Wie anders wirken da die beiden Freundinnen: Die eine, die mütterliche, mit zum Knoten gebundenem langen Haar, umarmt ihre Partnerin ohne zu merken, daß diese hinter ihrem Rücken die Hand zur Faust ballt. Das Psychogramm einer zwanghaften Bindung und Zweierbeziehung findet hier gestalterischen Ausdruck, und so nimmt es nicht Wunder, daß die beiden Freundinnen nicht als Plastik aus mehreren Tonplatten zusammengesetzt und aufgebaut, sondern aus einem einzigen Block Lindenholz herausgeschnitten sind. Und grob geschnitten, um nicht zu sagen gefetzt, mit der Kettensäge, die ihre eigene Ästhetik des sprichwörtlich „holzschnitthaften“ dem Kunstwerk mit auf den Weg gibt. Ecken und Kanten sind bei dieser Bearbeitung von Holz unvermeidbar und werden als Effekt mit einkalkuliert. Der einen Skulptur mit ihren beiden Gestalten fehlt in meinen Augen jede Anmutung des Organischen und Geschwungenen, die der Afrika, aber auch dem Israeli zweifellos eignen. Da ist nichts geglättet oder abgerundet, sondern vereinzelt hingeworfene rotbraune Pinselstriche betonen die grob behauenen Formen sogar noch. Im gesägten Holz ist es unmöglich, eine Feinheit des Mienenspiels herauszuarbeiten, wie wir sie in den glasierten Plastiken erkennen. Die Freundinnen bleiben trotz der hingetupften Augen und Münder eigentümlich gesichtslos. Die extrem flache Nase verleiht dem Gesicht der älteren von beiden beinahe den Anstrich eines Totenkopfes. Obwohl einander zugewandt, schauen die Figuren aneinander vorbei und blicken sich nicht an. Man hat den Eindruck, sie kommen äußerlich nicht voneinander los, halten im Wortsinne aneinander fest, obwohl die innere Bindung sich längst aufgelöst hat.

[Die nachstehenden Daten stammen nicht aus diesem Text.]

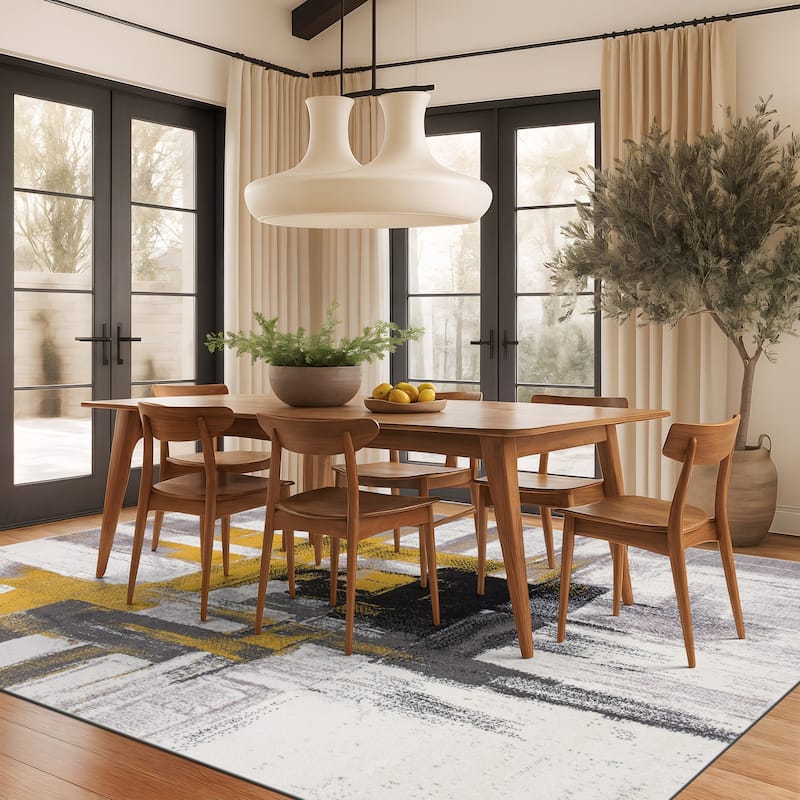 World Rug Gallery Modern Abstract Art Area Rug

Damit sind wir aber immer noch nicht am Ende der Techniken von Sylvia Bohlen angelangt. Im Nachbarn finden wir einen behauenen Sandstein, im Hockenden und der Schönen nebenan im runden Turm eine Terrakottaplastik. Die Schöne ist glasiert, hat eine aufwendige Frisur und ein buntes Abendkleid an. Sie blickt stolz über uns hinweg. Der Hockende würde sich das erkennbar gar nicht trauen. Schüchtern blickt er zum Betrachter auf. Oder blickt er uns doch nicht an? Schaut er nachdenklich in die Luft? Seine Augen stehen nicht parallel, mir scheint, es ist schwer, einen Blick von ihm zu erhaschen. Die Körpersprache passt dazu: Achten Sie auf den richtiggehend ineinandergeschachtelten Körper des Hockenden. So massig seine Gliedmaßen sind, so sehr scheint er gewillt, sie so uns wenig wie möglich im Weg sein zu lassen. Er dreht sogar den linken Fuß nach innen und hat den Kopf zwischen die Schultern gezogen.

Ich möchte nun schließen und Sie wieder ganz den Kunstwerken überlassen. Ich danke Ihnen für Ihre Aufmerksamkeit und wünsche Ihnen einen angenehmen und anregenden Aufenthalt in der Ausstellung.